Since you asked, yes, you could narrow up the very bottom of the one on the right. It looks like it flares out ever so slightly right at the bottom, but that could be the angle. If it flared in, instead of out, it might be perfect.

As to your other questions, I'm eagerly awaiting the answers as well.
 

woodtickgreg

scroll, flat, spin
Staff member
Global Moderator
Founding Member
Full Member
Forum Moderator
Messages
16,568
Reaction score
20,267
Location
Eastpointe, Mi. usa
First name
Greg
I do t think the one on the right really needs a smaller foot but more of a rounded edge on the bottom. It just has a sharp edge that makes it look large, if it was a little more rounded and flowing it would give the illusion of being smaller and yet offer the stability of a wider foot. I sometimes think people get too hung up on the foot size and don't really look at what makes the proportions look right or wrong. I would rather have a piece that is stable instead of one that falls over if you look at it hard enough, lol. Ask yourself when looking at it what is there that doesn't look right. I sometimes unscrew the chuck from the lathe and stand the piece up and look at it, if it doesn't look right I can just screw the chuck back on and make the changes.
I think both those pieces look great. :good2:
 

barry richardson

Moderator
Staff member
Global Moderator
Full Member
Messages
9,279
Reaction score
14,445
Location
Buckeye AZ
First name
Barry
Looking good Steve, I turn both wet and dry blanks. A large piece of dry wood usually has some cracks, so if you don't like the look of them, go with a green blank, rough turn and hollow it. I let them dry in a double paper grocery bag in our mud room which has a steady temp. A cardboard box works too. I usually try and stick with the 10% rule for roughout thickness. Your form on the left has a great shape, the one on the right is good too but I would tuck in the bottom bit just a little, continuing the radius you have coming down the side of the form....
 

Steve in VA

Member
Full Member
Messages
838
Reaction score
1,592
Location
Virginia
First name
Steve
Thanks guys!

The base on the one on the right was intentional as I thought flaring it out a tad might help lift it, but I see it's the opposite of what I was thinking and continuing the curve all the way through is probably the right way to go.

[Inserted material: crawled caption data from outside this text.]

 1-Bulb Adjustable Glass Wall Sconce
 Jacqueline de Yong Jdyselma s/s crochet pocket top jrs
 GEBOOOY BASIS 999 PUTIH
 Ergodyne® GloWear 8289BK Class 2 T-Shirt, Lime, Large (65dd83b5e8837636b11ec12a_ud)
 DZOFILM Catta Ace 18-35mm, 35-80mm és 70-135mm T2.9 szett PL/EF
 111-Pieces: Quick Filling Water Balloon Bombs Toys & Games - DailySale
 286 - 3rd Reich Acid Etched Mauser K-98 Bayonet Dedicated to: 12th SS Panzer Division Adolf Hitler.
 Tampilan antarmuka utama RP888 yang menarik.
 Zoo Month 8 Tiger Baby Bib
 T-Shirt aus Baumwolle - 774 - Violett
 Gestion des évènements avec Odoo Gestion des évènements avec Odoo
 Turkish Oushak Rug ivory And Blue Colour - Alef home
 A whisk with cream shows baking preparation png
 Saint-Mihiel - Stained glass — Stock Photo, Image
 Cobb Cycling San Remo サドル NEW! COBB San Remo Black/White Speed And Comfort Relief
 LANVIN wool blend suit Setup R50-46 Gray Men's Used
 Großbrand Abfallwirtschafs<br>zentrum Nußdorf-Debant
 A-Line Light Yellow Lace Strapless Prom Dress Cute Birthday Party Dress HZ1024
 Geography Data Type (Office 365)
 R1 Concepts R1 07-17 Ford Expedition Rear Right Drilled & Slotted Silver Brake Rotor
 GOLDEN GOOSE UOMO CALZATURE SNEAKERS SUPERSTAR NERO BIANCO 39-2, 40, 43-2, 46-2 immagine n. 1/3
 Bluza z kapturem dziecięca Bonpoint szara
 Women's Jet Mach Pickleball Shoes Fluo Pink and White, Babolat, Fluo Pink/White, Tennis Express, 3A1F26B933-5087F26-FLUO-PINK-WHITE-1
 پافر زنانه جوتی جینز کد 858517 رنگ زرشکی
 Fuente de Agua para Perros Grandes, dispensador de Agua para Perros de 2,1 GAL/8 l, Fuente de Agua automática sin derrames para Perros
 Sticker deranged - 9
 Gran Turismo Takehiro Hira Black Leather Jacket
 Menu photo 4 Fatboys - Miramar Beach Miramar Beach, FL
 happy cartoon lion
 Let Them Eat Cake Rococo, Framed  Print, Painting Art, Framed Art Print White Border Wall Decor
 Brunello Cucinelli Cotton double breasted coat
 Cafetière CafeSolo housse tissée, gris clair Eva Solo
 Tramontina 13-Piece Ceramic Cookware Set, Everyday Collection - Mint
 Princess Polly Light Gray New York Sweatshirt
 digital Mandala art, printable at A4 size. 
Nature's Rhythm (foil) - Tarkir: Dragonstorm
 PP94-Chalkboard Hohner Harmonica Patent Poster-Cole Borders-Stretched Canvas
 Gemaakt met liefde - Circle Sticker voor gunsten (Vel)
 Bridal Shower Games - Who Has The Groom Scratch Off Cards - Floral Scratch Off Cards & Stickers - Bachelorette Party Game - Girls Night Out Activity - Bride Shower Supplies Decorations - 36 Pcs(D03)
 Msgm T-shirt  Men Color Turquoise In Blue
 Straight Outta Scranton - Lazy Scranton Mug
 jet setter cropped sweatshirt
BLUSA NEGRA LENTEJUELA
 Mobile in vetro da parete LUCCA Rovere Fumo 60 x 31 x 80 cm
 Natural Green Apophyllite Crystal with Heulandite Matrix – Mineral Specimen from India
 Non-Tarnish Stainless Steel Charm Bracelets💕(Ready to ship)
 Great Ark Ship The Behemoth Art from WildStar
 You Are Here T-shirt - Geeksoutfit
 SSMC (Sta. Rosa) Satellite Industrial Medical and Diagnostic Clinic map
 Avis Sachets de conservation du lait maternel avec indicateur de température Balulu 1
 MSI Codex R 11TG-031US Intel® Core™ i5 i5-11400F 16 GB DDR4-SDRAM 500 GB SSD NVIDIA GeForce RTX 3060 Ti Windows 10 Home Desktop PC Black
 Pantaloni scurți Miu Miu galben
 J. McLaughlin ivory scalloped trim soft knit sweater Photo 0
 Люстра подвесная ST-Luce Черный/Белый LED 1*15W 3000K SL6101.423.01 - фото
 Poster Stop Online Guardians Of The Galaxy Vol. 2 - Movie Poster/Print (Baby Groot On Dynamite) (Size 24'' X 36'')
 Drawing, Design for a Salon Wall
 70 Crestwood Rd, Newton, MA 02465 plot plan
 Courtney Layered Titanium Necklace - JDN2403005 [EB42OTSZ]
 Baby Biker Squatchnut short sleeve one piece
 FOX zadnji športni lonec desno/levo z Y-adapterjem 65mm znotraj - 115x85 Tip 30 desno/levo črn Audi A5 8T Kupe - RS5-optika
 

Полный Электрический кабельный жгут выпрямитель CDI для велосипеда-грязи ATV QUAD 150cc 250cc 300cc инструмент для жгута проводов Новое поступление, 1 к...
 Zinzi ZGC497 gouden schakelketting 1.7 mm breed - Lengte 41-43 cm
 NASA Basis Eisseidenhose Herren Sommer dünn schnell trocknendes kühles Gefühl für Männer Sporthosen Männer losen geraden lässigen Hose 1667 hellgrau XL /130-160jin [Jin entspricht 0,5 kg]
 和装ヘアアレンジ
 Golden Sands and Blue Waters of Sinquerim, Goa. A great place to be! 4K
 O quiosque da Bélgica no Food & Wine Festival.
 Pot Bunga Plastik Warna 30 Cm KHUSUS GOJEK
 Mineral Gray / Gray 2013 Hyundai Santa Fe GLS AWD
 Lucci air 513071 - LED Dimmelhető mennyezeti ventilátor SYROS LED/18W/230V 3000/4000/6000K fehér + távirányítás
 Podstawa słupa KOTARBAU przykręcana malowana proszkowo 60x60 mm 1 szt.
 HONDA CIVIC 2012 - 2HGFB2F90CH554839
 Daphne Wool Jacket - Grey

I've been pretty successful drying bowls in bags without shavings (too many mold issues) and so will have to give that a try with some hollow forms as I much prefer turning it green. All the ones I've shown thus far have been turned to final thickness, parted off, and then dried in a bag with good results, albeit some movement.

When rough turning a hollow form, what do you do with the tenon / base to help limit the cracking yet still have the ability to rechuck it? I would think it would be particularly prone to cracking as most of them are end grain vs. most bowls being side grain. And very prone to cracking if turning from a full log with the pith centered? Or are you only using a half to a quarter of the log with the pith being removed?
 

trc65

Member
Full Member
Messages
2,063
Reaction score
5,374
Location
Cameron, Illinois
First name
Tim
Remember reading a while back that one thing to help prevent cracking with the tenon is to cut partially through as if you were going to part it off, but still leave enough meat there to support the 2nd turn. How much that is, I'm not sure.

Barry and others will have to add in what they do/What actually works.
 

Nature Man

Member
Full Member
Messages
8,767
Reaction score
6,054
Location
Redding, CA
First name
Chuck
I really like both of these, but if I had to make a comment about the one on the right it would be that the top is a bit "clunky" looking compared with the delicate nature of the rest of the form. Not having turned any of these, I'm not really sure how I would change it. Chuck
 

Mike Hill

The Bard of Barbecue
Full Member
Messages
3,003
Reaction score
4,758
Location
Nashville, TN
First name
Mike
They are gorgeous! Can't wait to see them in their finished state. They only thing I could add is what others have said already about the base on the right one.